- [Task to carry out] Please repeat the entries exactly as they appear and omit any images.

- [Dataset entries]

▶

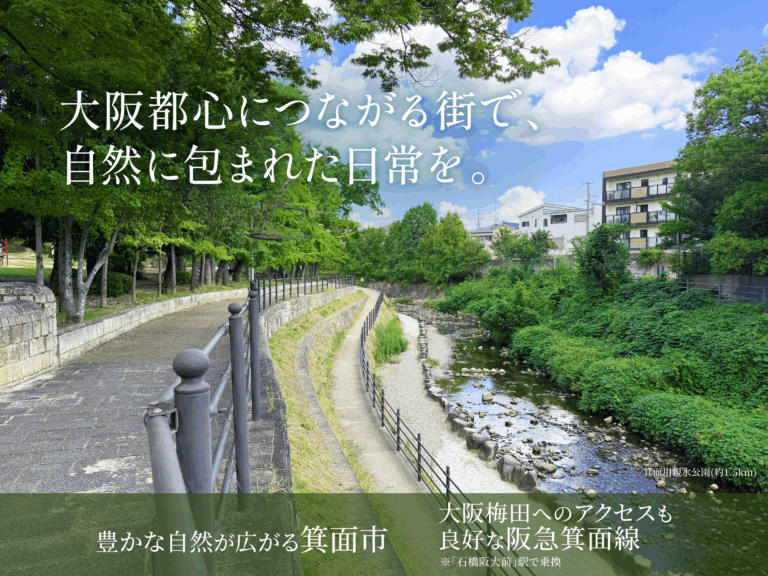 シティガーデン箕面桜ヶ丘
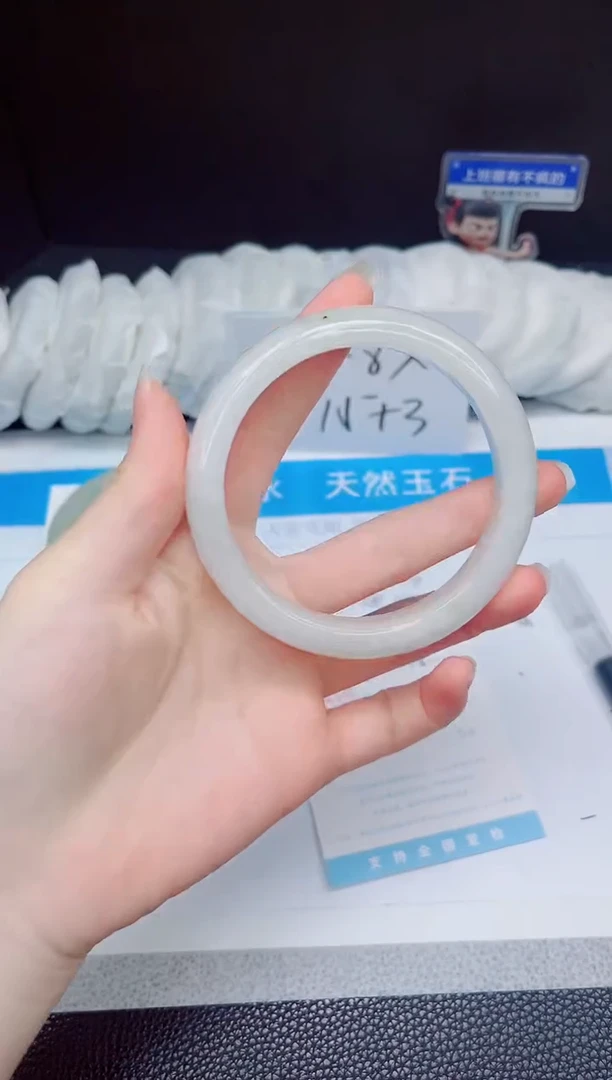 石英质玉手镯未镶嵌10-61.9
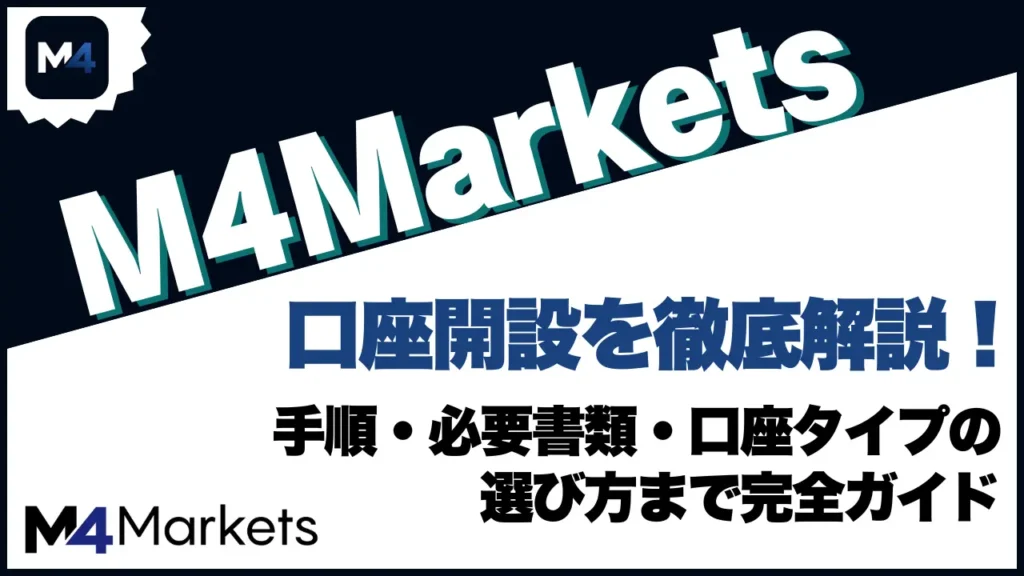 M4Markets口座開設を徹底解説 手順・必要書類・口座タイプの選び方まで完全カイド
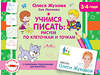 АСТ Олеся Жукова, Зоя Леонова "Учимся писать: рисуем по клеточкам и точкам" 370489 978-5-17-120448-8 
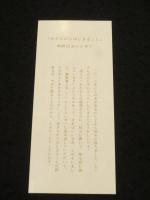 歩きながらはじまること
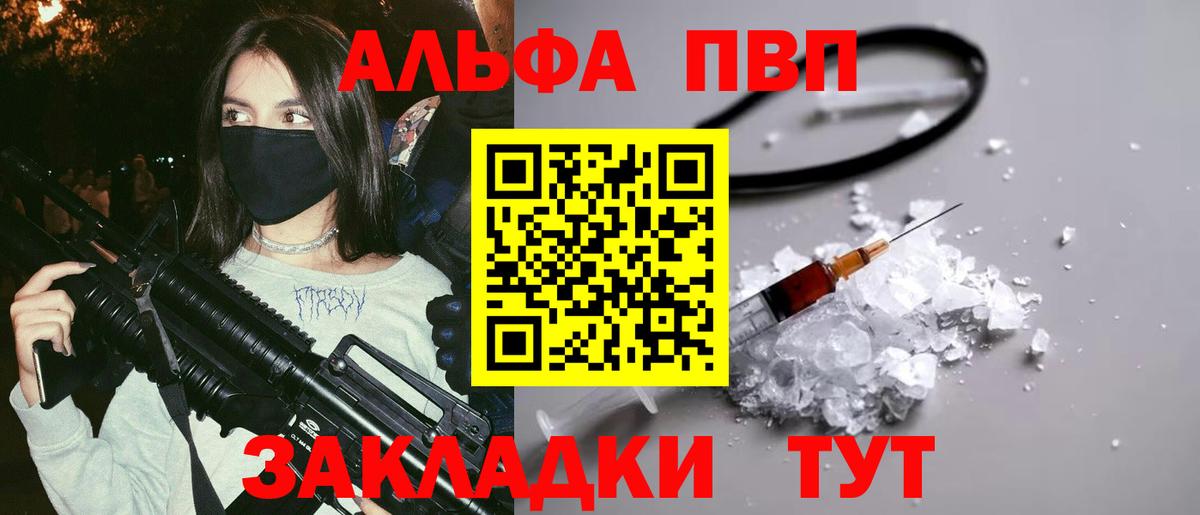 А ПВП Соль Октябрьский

◀

- [Problem solution]
 シティガーデン箕面桜ヶ丘
 石英质玉手镯未镶嵌10-61.9
 M4Markets口座開設を徹底解説 手順・必要書類・口座タイプの選び方まで完全カイド
 АСТ Олеся Жукова, Зоя Леонова "Учимся писать: рисуем по клеточкам и точкам" 370489 978-5-17-120448-8 
 歩きながらはじまること
 А ПВП Соль Октябрьский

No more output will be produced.